In most African countries, at times when u talk about someone the government doesn’t like or a course that they don’t support, even without taking sides, your broadcast house is shut down or suspended.
These same governments say the press is free and commemorate the press freedom day. But how free is this press? Why commemorate the day?
I am a trained journalist from the University of Buea. While I was a student, on press freedom day we were told horrible stories by guest speakers about journalists who got themselves into so much trouble because they stood for the truth or had the effrontery to say what anyone couldn’t say.
Some governments in Africa, hit too hard on journalists, broadcast and print media because they inform millions of people who have a fundamental right to information.
In Cameroon the anglophone crisis has led to the suspension and closure of many media organs, the arrests of journalists and the suspension of some online news sites. Actually, a few of them do not respect media laws. But most of them have been doing nothing but informing citizens about things that the government cannot tell them.
In Bamenda radio hot cocoa was shut down because of an interactive program on the anglophone crisis.

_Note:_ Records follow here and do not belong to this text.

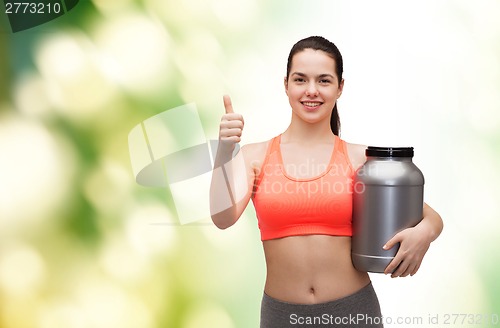 Image of teenage girl with jar of protein showing thumbs up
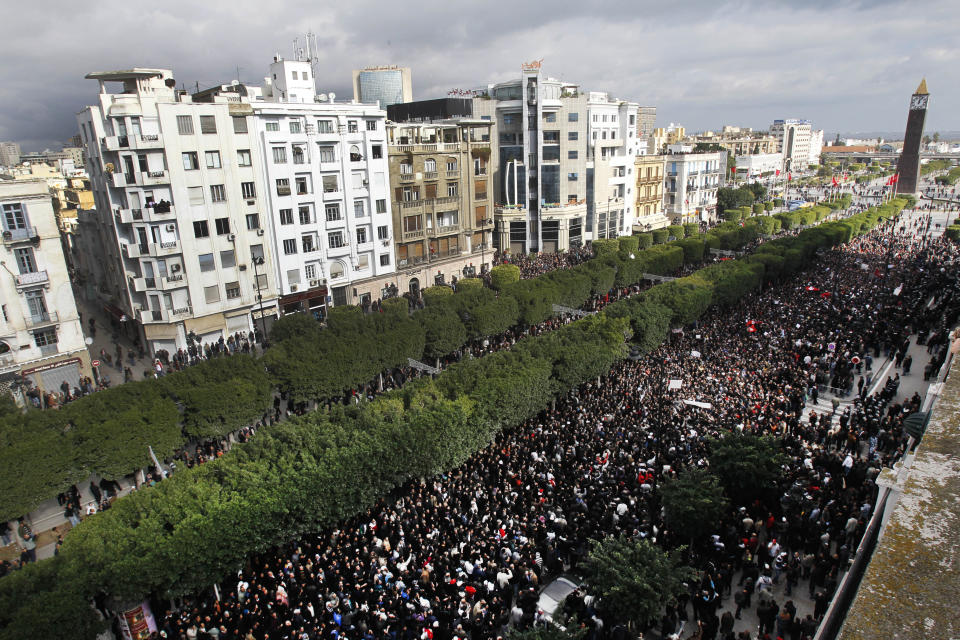 FILE - In this Friday, Jan. 14, 2011 file photo, protesters chant slogans against President Zine El Abidine Ben Ali during a demonstration in Tunis. Since winning a parliamentary seat in 2019, Tunisian lawmaker Abir Moussi has become one of the country’s most popular, and most controversial, politicians, riding a wave of nostalgia for a more stable and prosperous time, just as Tunisia marks 10 years since protesters overthrew autocratic former President Zine El Abidine Ben Ali. Since 2011, Tunisia has been plagued by sinking wages, growing joblessness and worsening public services. Unemployment has risen amid the coronavirus pandemic from 15% to 18%. Attempts to migrate to Europe by sea have soared. (AP Photo/Christophe Ena, File)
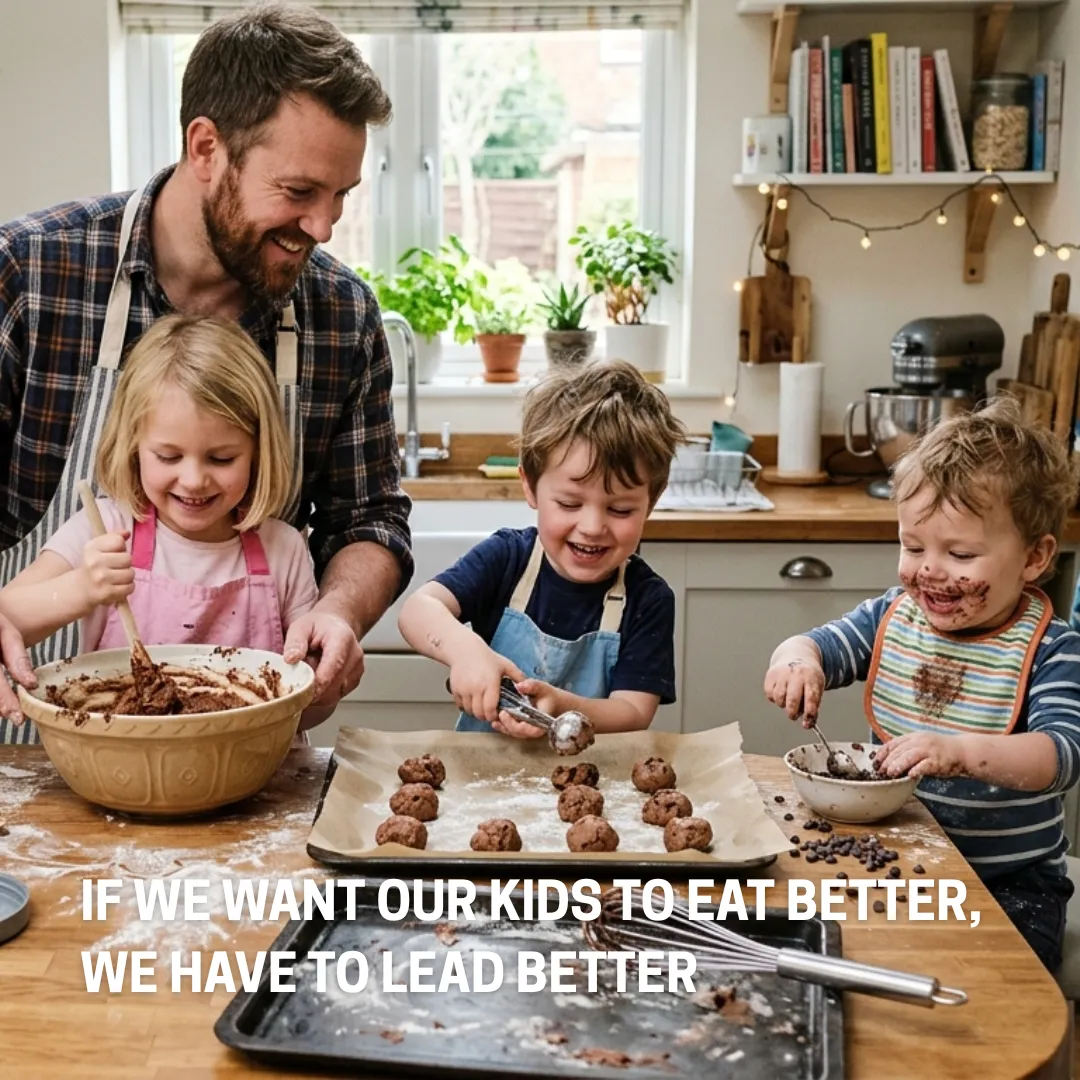 Father and children making homemade protein cookies together in a bright family kitchen.
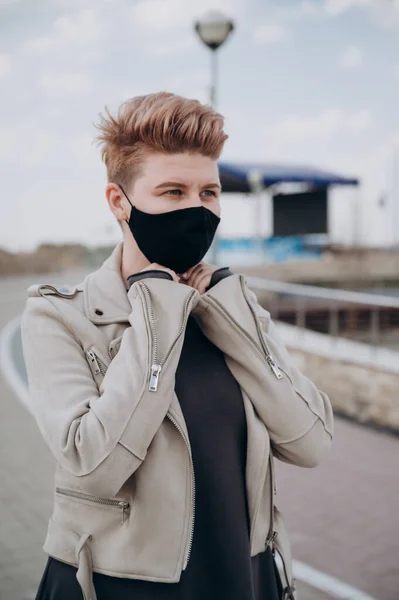 Siyah antiviral maskeli, kısa saçlı bir kız sokakta yürüyor.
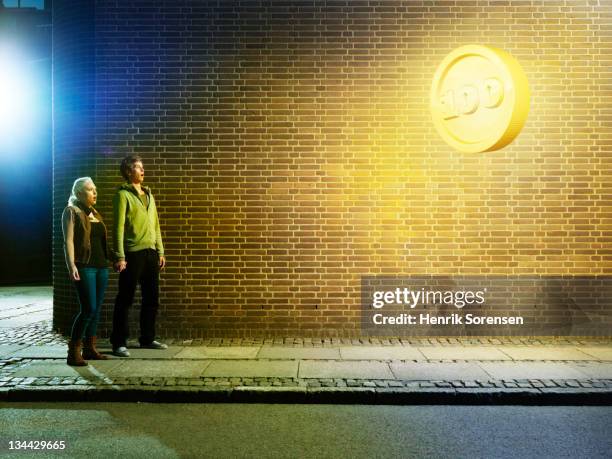 young couple in the street, looking up at coin - awards night fotografías e imágenes de stock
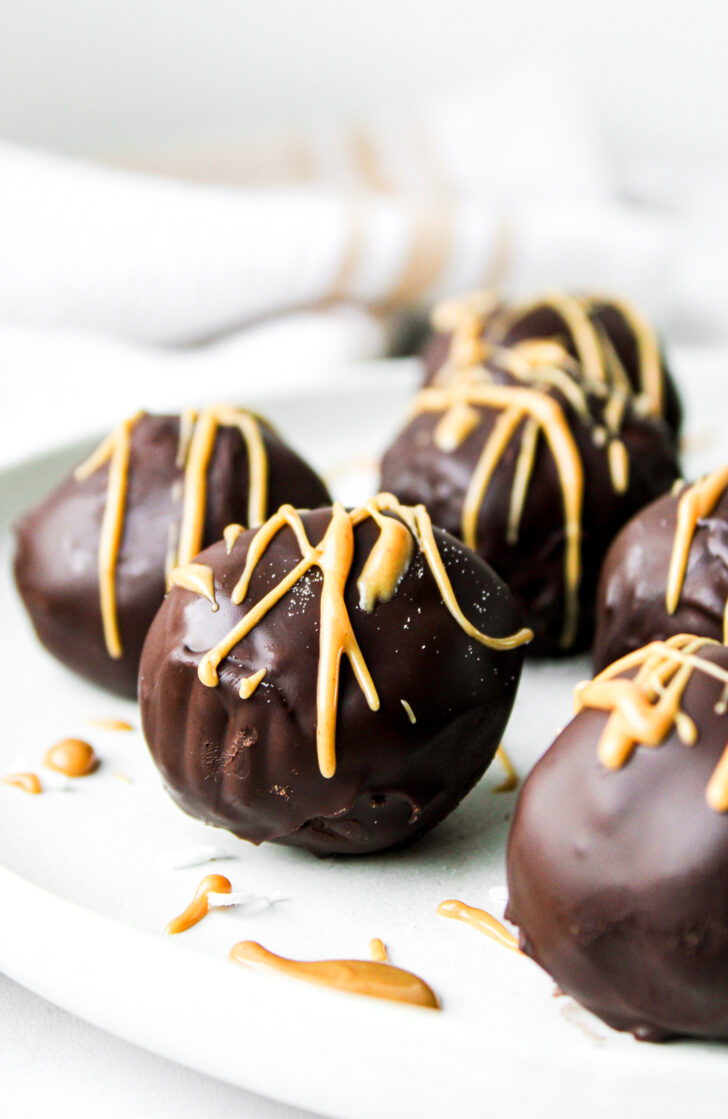 profile shot of chocolate and peanut butter protein balls on a grey ceramic plate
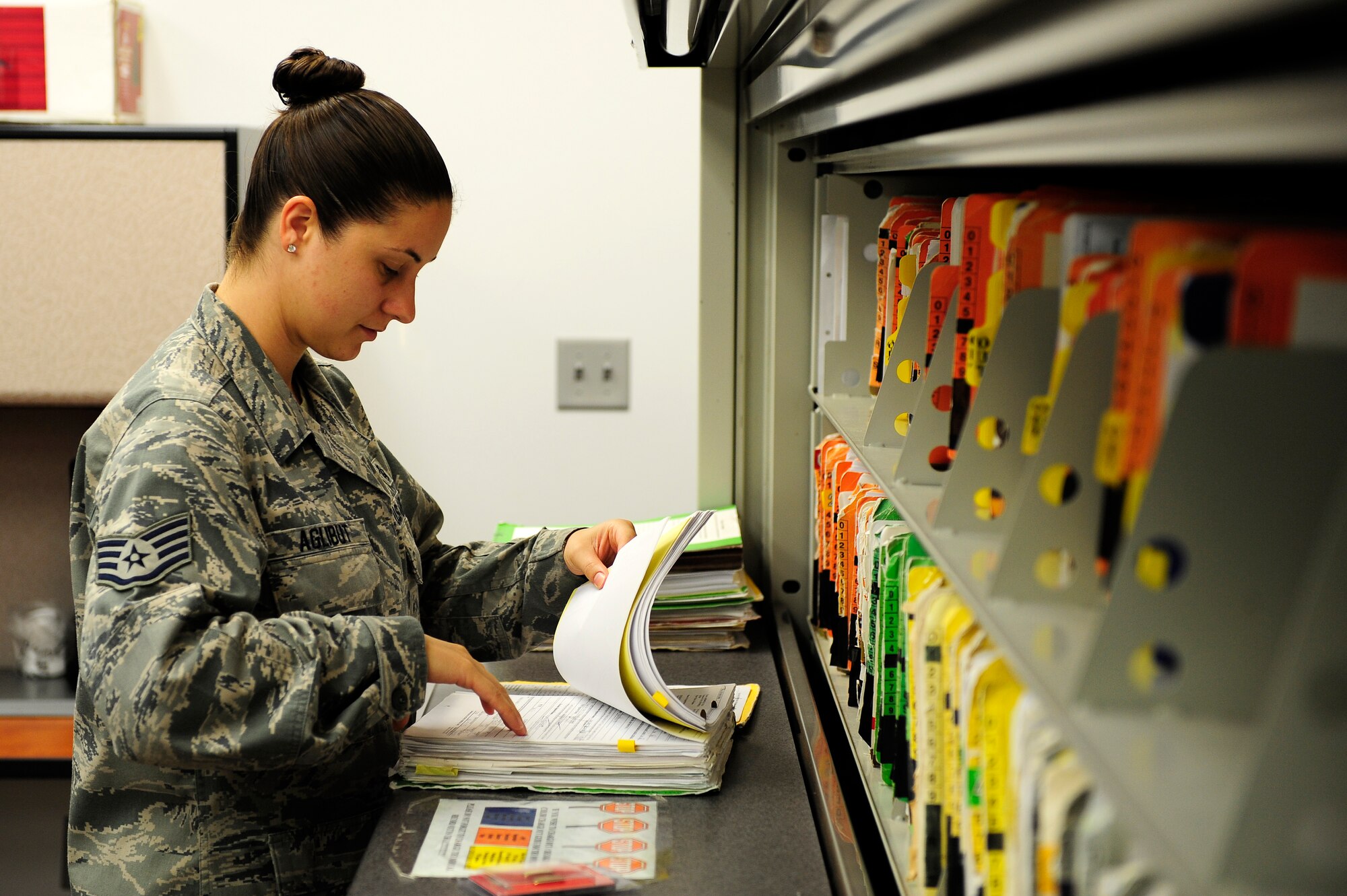 U.S. Air Force Staff Sgt. Jessica Aglibut, 20th Aerospace Medical Squadron medical technician, looks through medical files of patients, which is a typical activity throughout her day at Shaw Air Force Base, S.C., June 18, 2012. Aglibut was selected for the Nurse Enlisted Commissioning Program to become an Air Force officer and nurse. (U.S. Air Force photo by Daniel Blackwell Airman 1st Class/Released)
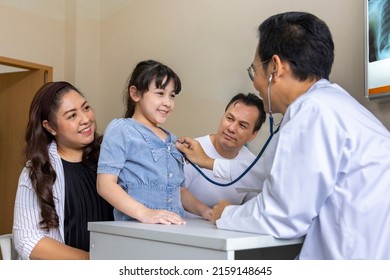 Asian Doctor Is Diagnosis Young Girl Using Stethoscope For Lung Checkup And Side Effect On Coronavirus With Parent And Family In Her Appointment In Hospital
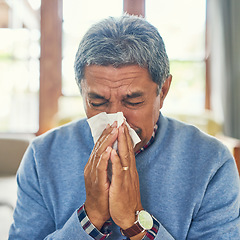 Image showing Senior man, sick and nose blowing in home from virus, allergy and illness with fever Tired, tissue and elderly male person in a house lounge with sneeze from covid and flu with hayfever allergies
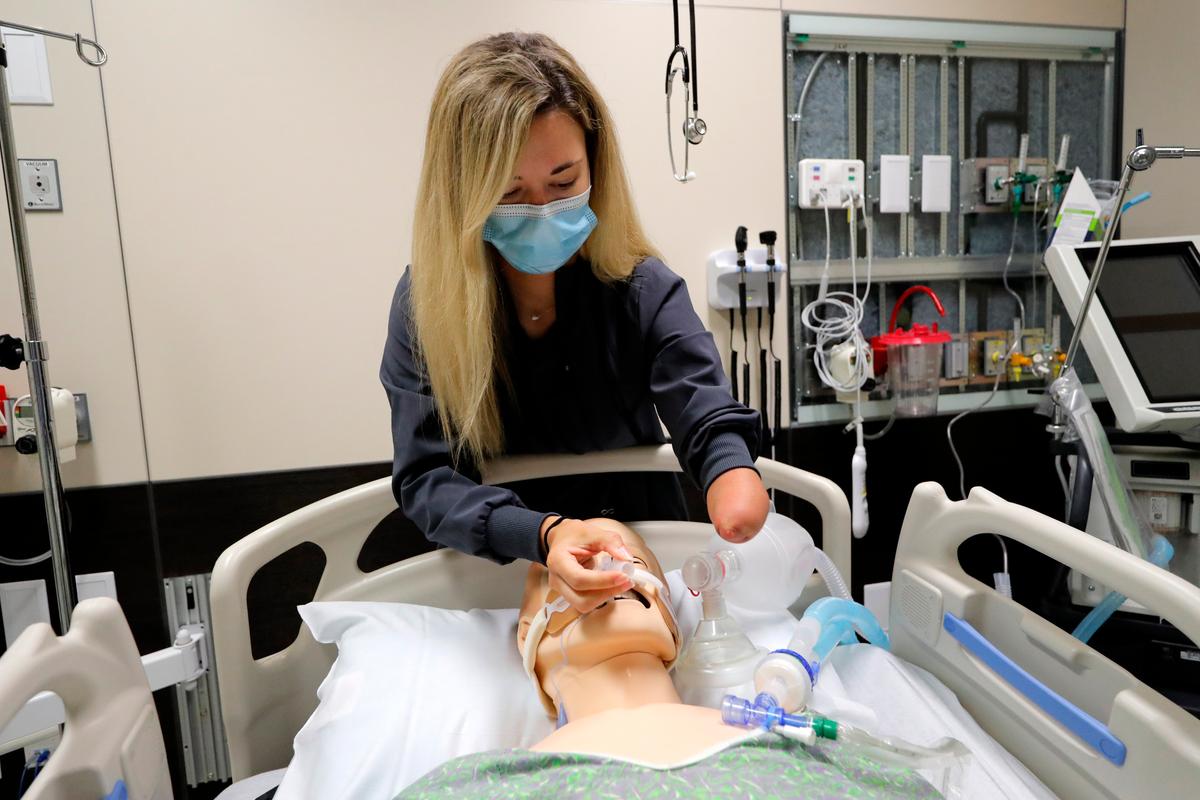 Respiratory therapist Savannah Stuard, who was born without a left forearm, demonstrates her techniques for treating COVID-19 patients at Ochsner Medical Center in New Orleans on July 28, 2020. (Gerald Herbert/AP)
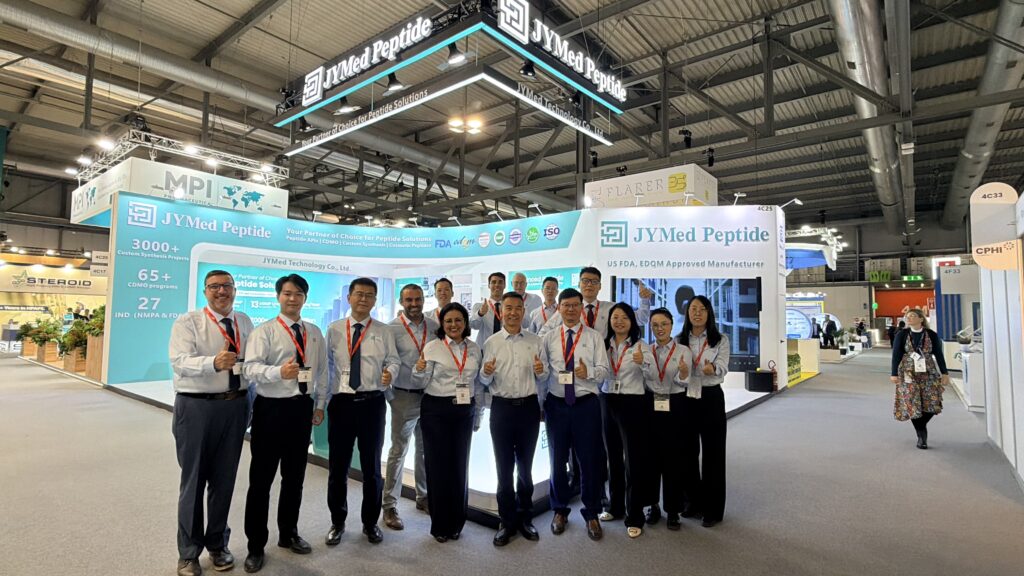 JYMed Peptide team members posing for a group photo in front of their exhibition booth at CPHI Milan 2026.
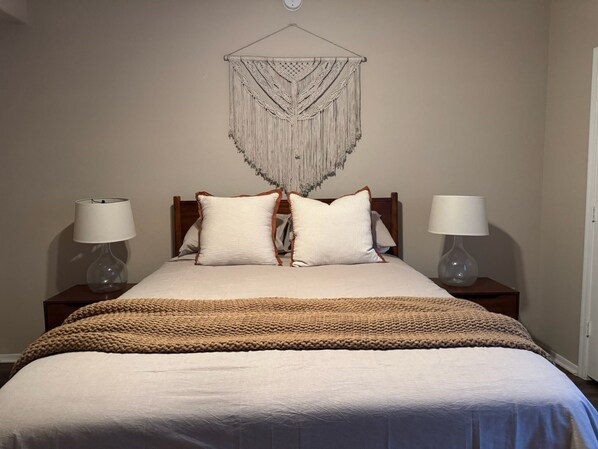Ein ordentlich bezogenes Bett mit einer weißen und beigen Decke, zwei Nachttischlampen und einem Wandbehang aus Makramee.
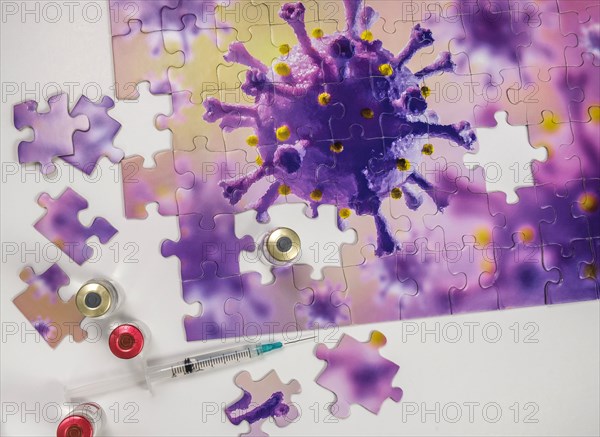 Studio shot of puzzle with Coronavirus model and vaccine vials and syringe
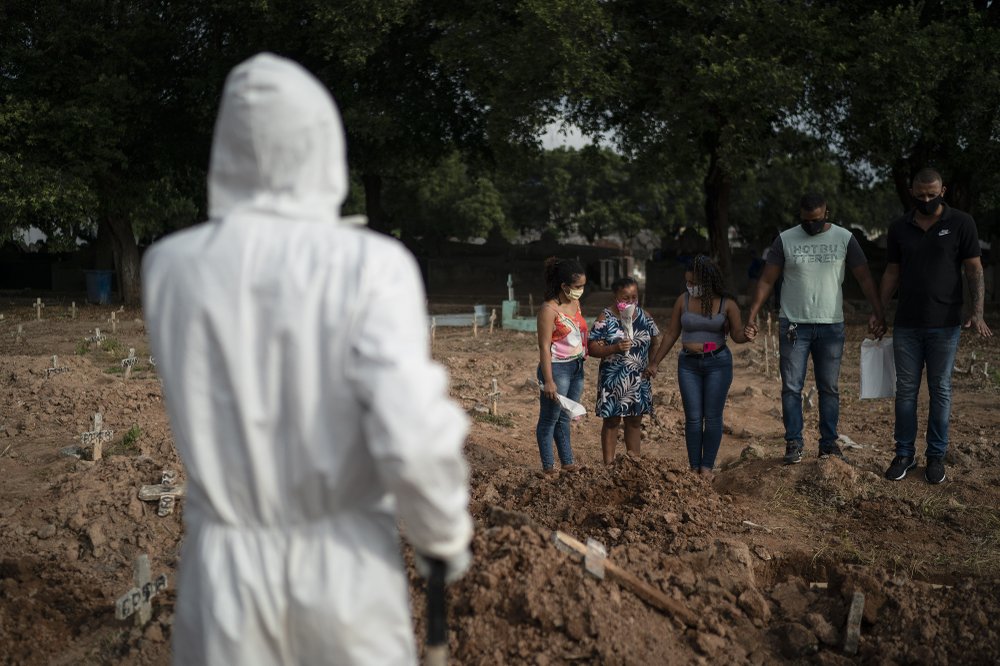 Relatives attend the burial of 57-year-old Paulo Jose da Silva, who died from the new coronavirus, in Rio de Janeiro, Brazil 
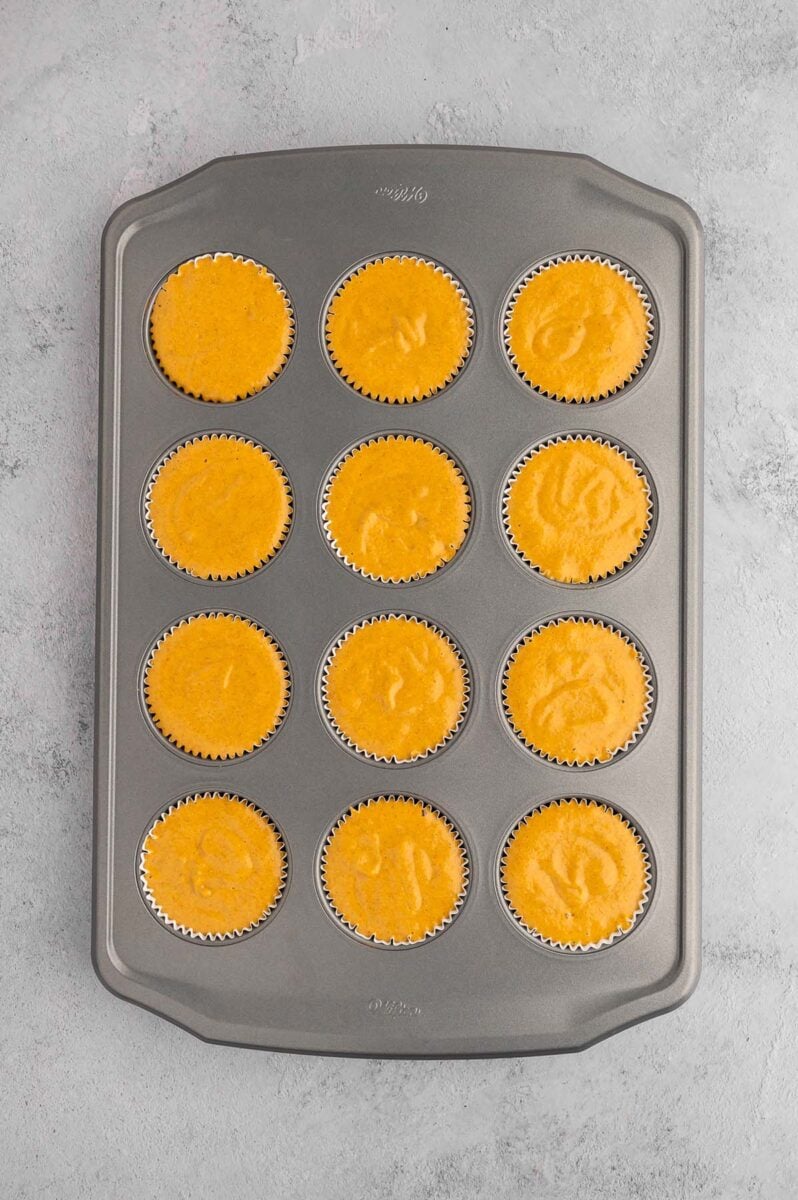 Uncooked pumpkin protein muffins in a muffin tin on a grey background.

A journalist still in Bamenda was suspended for a month and later fired because he anchored a program on the anglophone crisis.
The National Communication Council (NVC) asked cable distributors to remove Afrique Media signals because of an interactive program it aired which discussed the anglophone crisis from time to time. Afrique media is international TV which broadcasts from Cameroon too and had been shut down by the NCC before, leaving most of its employees unemployed.
In Kenya some broadcast houses have been shutdown since late January.
The shutdown was as a result of broadcasting the National Super Alliance (NASA) event at Uhuru Park despite state order barring TV stations to air the event live.
On January 30, Kenyan authorities ordered Citizen TV, KTN and NTV to halt transmission, for attempting to broadcast a rival “inauguration” staged by opposition leader Raila Odinga.
On February 1 High Court ordered Kenya’s government to switch TV stations back on until a case is heard and determined. However the three channels – Citizen TV, KTN and NTV – remain off-air, and the state is yet to officially comment on the order.
Truth be told if no one talks about the ‘unspeakable’ how will people get informed? How will people know what is happening in different parts of the world?